The experimental CAR T-cell therapy, arlocabtagene autoleucel (arlo-cel), may provide a significant treatment option for patients with relapsed or refractory multiple myeloma, especially those previously treated with BCMA-directed therapies. Findings presented by Omar Nadeem, MD, at the 22nd Annual International Myeloma Society Meeting in Toronto indicate that arlo-cel achieved high response rates and maintained a manageable safety profile in a challenging patient population.

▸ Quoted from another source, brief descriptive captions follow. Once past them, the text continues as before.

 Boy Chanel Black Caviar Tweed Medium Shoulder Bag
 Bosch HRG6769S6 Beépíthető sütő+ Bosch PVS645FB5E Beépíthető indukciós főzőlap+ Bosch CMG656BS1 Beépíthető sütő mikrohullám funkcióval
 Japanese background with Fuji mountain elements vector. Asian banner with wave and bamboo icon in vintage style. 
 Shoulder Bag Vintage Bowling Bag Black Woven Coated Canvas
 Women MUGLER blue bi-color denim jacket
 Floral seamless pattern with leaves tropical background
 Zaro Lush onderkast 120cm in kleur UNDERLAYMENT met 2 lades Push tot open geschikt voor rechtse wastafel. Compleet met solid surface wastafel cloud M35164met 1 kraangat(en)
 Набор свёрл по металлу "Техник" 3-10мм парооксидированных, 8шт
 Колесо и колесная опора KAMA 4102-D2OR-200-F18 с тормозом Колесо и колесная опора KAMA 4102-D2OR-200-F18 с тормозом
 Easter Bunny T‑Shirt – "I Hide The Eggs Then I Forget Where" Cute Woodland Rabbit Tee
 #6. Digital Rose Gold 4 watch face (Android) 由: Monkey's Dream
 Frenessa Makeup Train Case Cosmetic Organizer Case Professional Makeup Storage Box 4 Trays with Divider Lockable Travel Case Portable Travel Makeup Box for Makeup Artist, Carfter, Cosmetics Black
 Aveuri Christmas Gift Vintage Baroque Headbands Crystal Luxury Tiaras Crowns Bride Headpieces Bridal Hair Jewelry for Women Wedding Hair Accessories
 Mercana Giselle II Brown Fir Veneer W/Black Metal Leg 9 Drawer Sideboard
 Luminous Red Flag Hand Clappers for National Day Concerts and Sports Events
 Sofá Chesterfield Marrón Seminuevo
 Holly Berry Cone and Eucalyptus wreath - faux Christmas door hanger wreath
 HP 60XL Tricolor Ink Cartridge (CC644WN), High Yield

In a phase 1 trial (NCT06121843) involving patients with one to three prior lines of treatment, the therapy demonstrated an overall response rate (ORR) of an impressive 94%, which included a 71% complete response (CR) rate. At a median follow-up of 18.3 months, the results revealed that 56.3% of evaluable patients achieved minimal residual disease (MRD) negativity, all of whom had reached MRD-negative complete responses. The median progression-free survival (PFS) was recorded at 24.3 months.
The trial focused on patients who had received 1 to 3 prior lines of therapy, many of whom were previously treated with BCMA-targeted therapies. This subset was evaluated to determine whether earlier intervention with arlo-cel could yield similarly deep and durable responses as seen in patients with more extensive treatment histories.
Patients administered arlo-cel received a dose of 1.5 x 10^6 cells. Despite being considered earlier-line patients, the median number of prior therapies was 2, indicating a refractory population. Notably, cytokine release syndrome (CRS) occurred in 84% of participants, but no grade 3 or higher CRS cases were reported, which suggests a favorable safety margin. Additionally, while 84% of patients experienced neutropenia, all cases of cytopenia eventually resolved.
Infection rates were relatively low, with 55% of patients experiencing infections, and no serious infections were reported. Adverse effects associated with GPRC5D targeting, such as dysgeusia and skin changes, were observed in about one-third of the patients but were transient in nature. Two patients experienced neurotoxicities like ataxia and gait disturbances, which remained mild (grade 2 or less) at the time of the data cutoff after approximately 18 months.
The efficacy data presented shows that the majority of patients responded well to therapy, with around 75% maintaining their response after one year. At the cutoff, 62% of responders continued to show ongoing responses, underscoring the promising activity of arlo-cel.
Currently, multiple BCMA-directed CAR T-cell therapies have received approval, but arlo-cel stands out as a crucial option targeting GPRC5D, an antigen with limited current therapeutic options. There remains an unmet need for effective CAR T-cell therapies in this area.
Dr. Nadeem emphasized the importance of these findings in the broader context of CAR T-cell therapy development and highlighted the ongoing phase 3 trial that is comparing arlo-cel with standard-of-care treatments for earlier-line multiple myeloma patients. The results appear to pave the way for new possibilities in treating this challenging disease, offering hope to a patient population in need of more effective therapies.
As research continues, the potential of arlo-cel may significantly impact treatment strategies for relapsed or refractory multiple myeloma, marking a step forward in the development of targeted therapies for this condition.